Records to use:
--------------------------------------------------
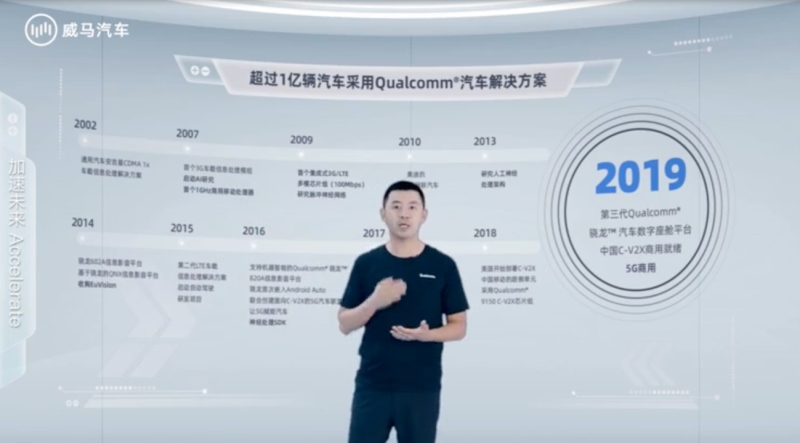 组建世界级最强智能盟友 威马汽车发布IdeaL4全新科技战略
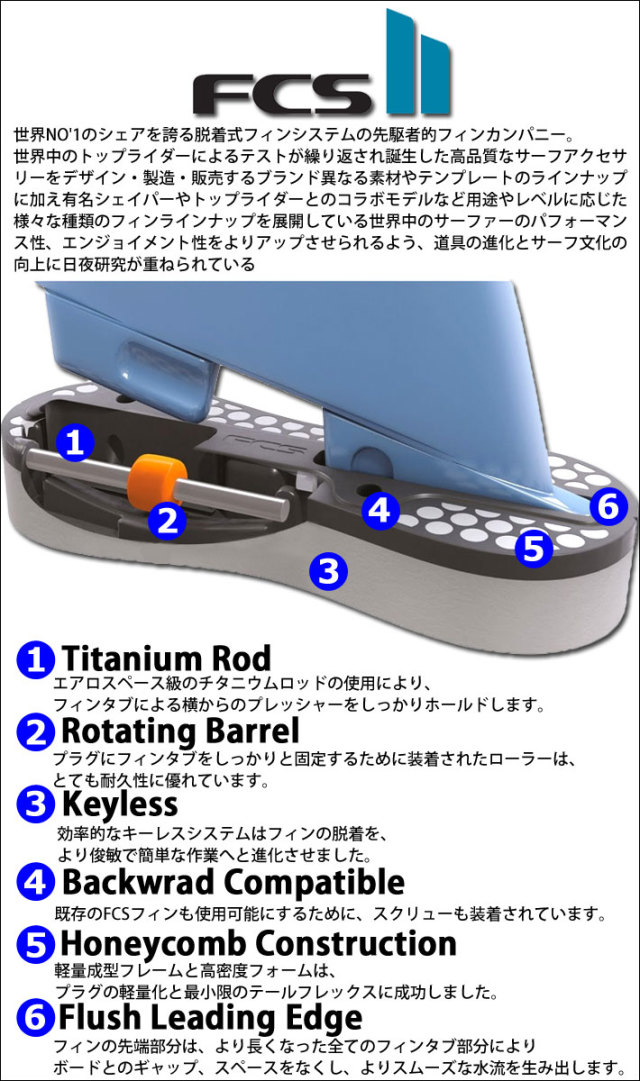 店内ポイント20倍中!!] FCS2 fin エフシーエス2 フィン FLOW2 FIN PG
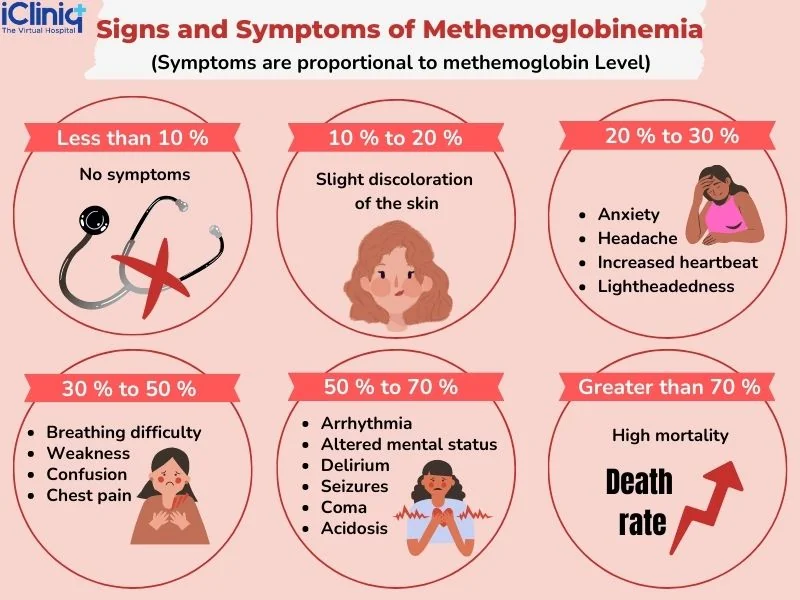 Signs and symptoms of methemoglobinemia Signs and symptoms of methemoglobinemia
--------------------------------------------------
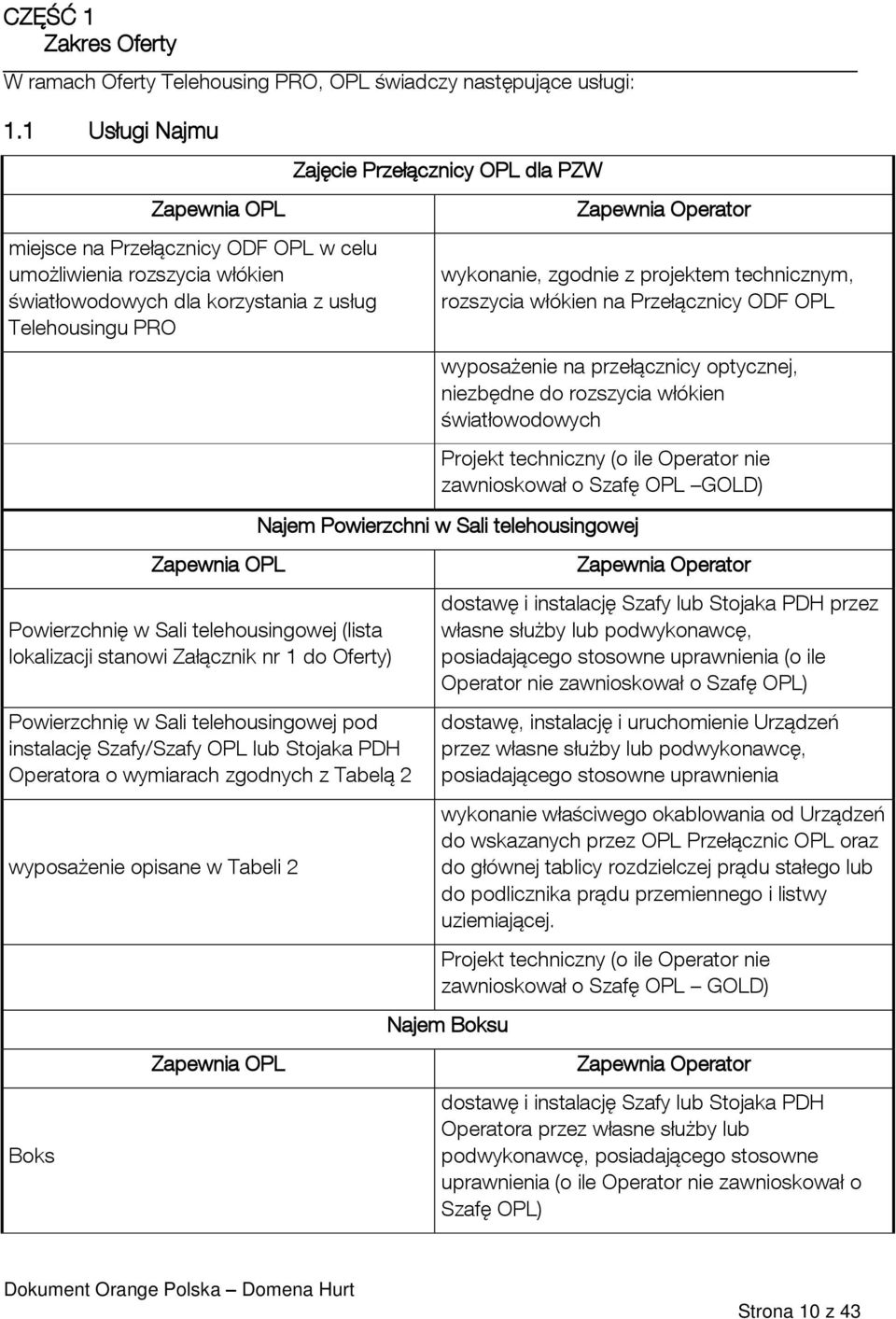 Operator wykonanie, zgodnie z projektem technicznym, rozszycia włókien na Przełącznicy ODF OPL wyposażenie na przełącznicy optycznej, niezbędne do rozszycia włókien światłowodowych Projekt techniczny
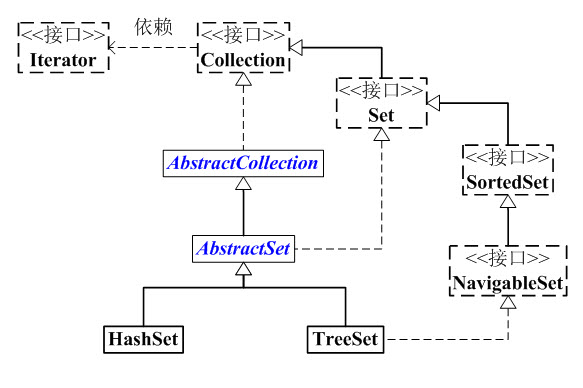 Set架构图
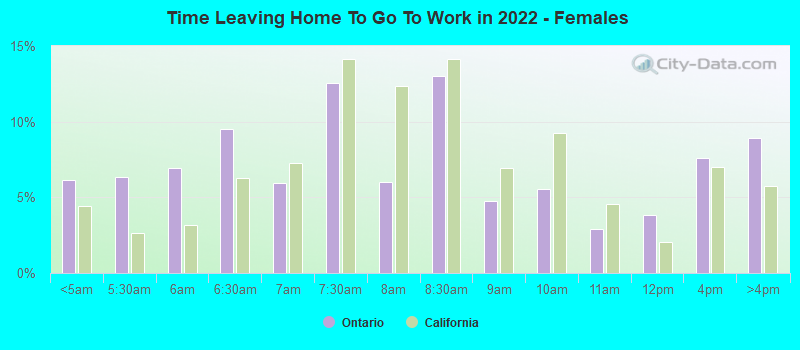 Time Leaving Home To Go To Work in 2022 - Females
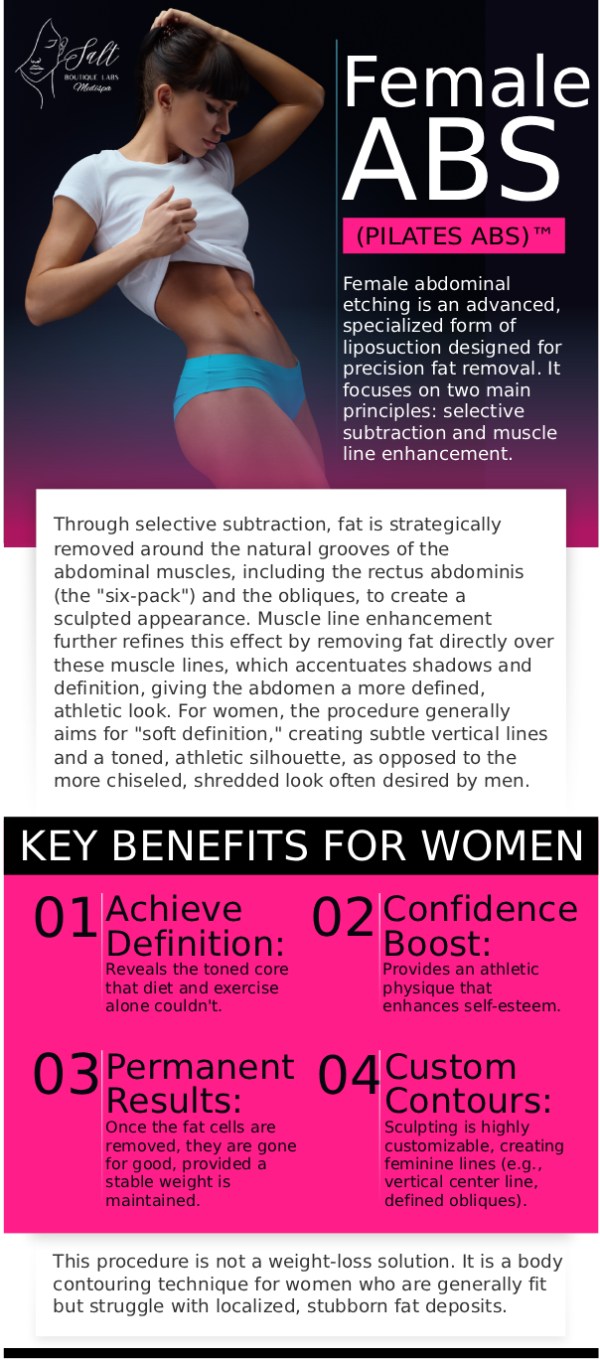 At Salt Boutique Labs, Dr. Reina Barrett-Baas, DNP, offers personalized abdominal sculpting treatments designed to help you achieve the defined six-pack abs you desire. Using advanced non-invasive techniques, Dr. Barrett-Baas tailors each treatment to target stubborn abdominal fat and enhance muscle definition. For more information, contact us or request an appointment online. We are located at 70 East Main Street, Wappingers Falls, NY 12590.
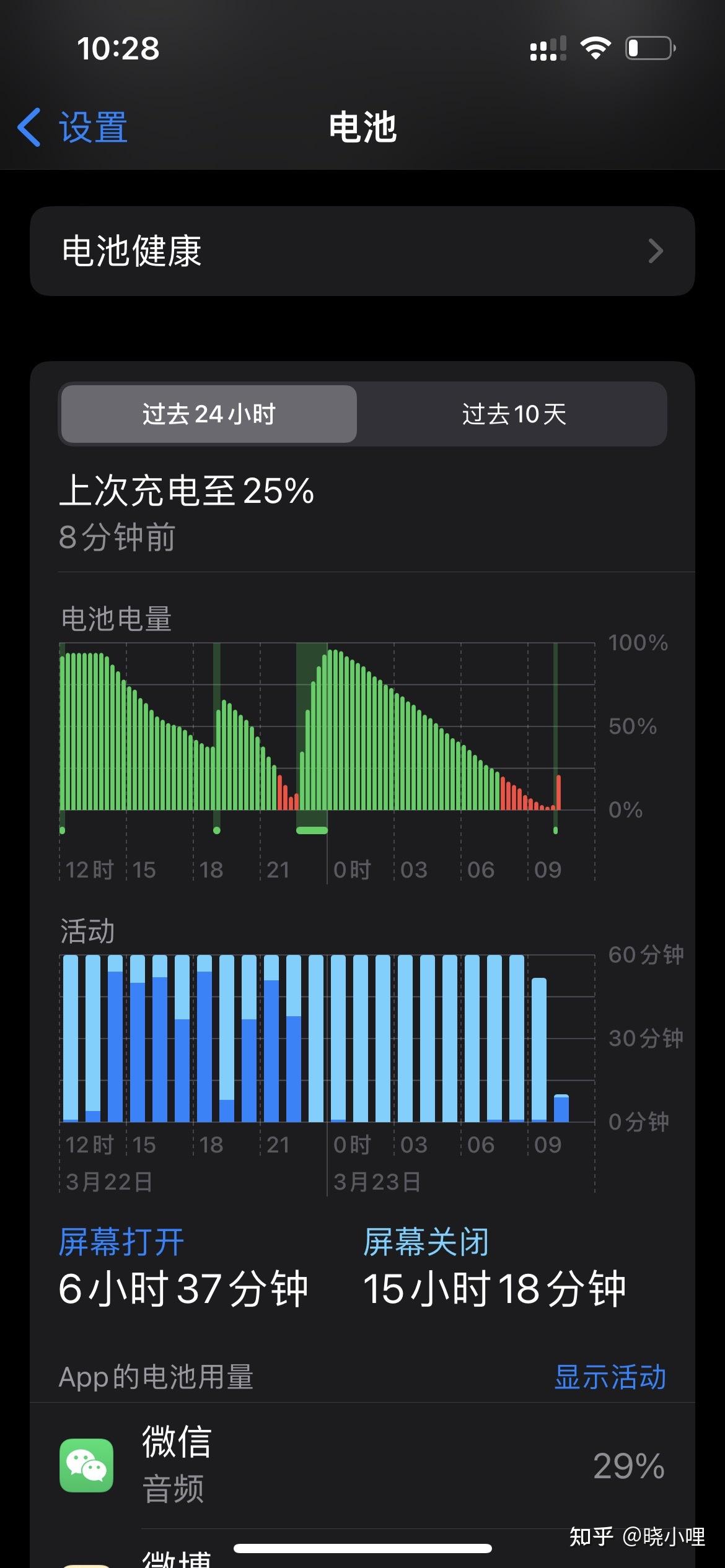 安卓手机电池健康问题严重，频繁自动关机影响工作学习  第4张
--------------------------------------------------
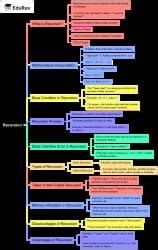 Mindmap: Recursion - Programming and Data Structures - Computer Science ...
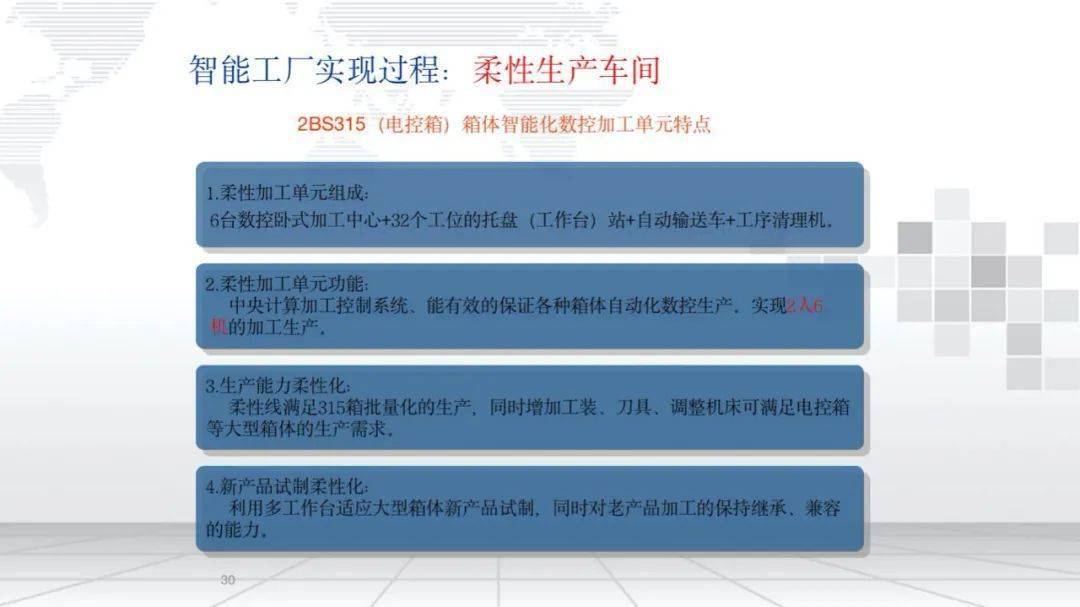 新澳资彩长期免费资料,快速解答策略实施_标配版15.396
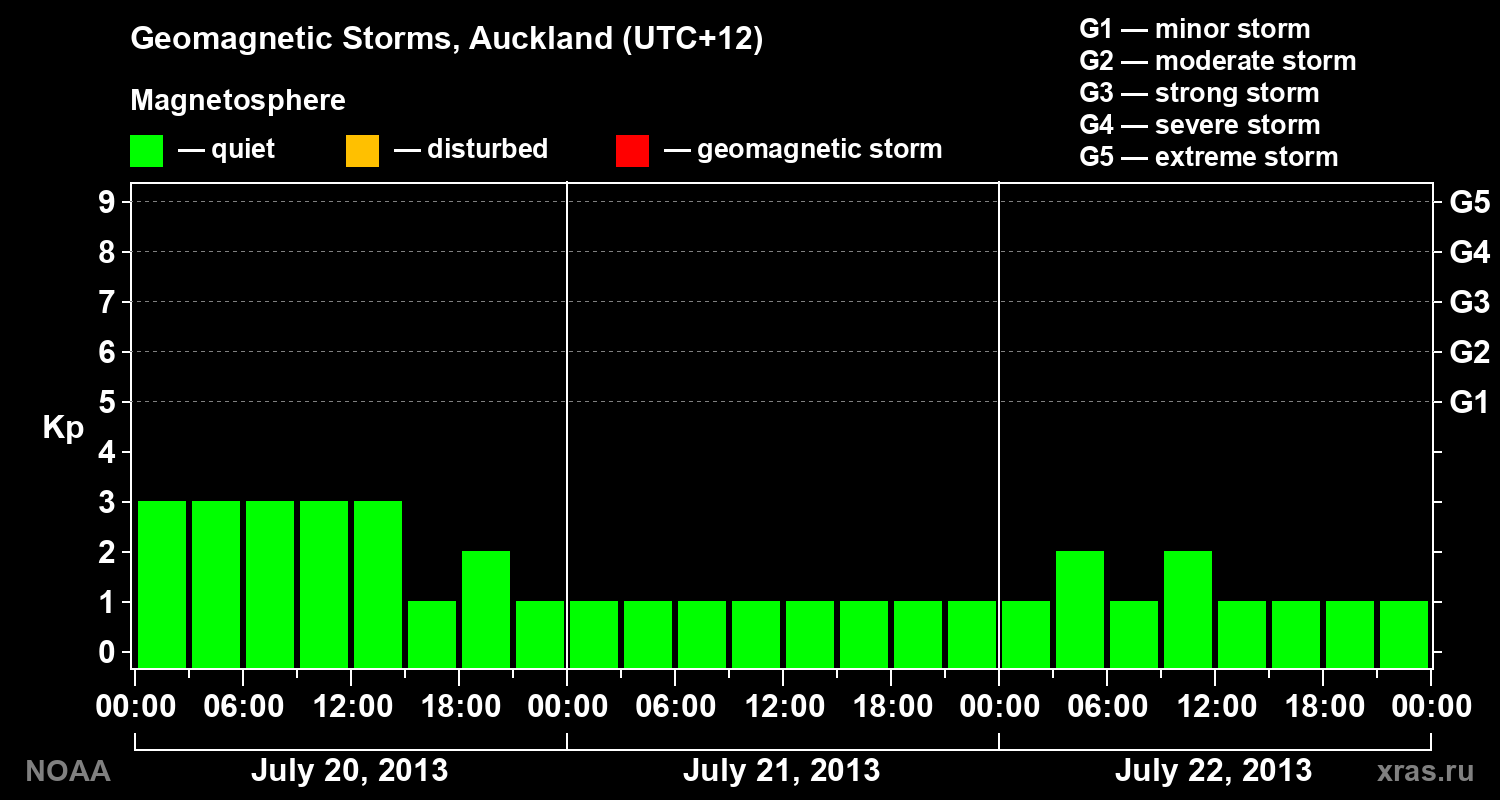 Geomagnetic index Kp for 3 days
--------------------------------------------------
Assignment: Your output should be the lines above from the one that contains "组建世界级最强智能盟友 威马汽车发布IdeaL4全新科技战略" through the one that contains "Signs and symptoms of methemoglobinemia Signs", word for word, with pictures left out.

Task result:
 组建世界级最强智能盟友 威马汽车发布IdeaL4全新科技战略
 店内ポイント20倍中!!] FCS2 fin エフシーエス2 フィン FLOW2 FIN PG
 Signs and symptoms of methemoglobinemia Signs and symptoms of methemoglobinemia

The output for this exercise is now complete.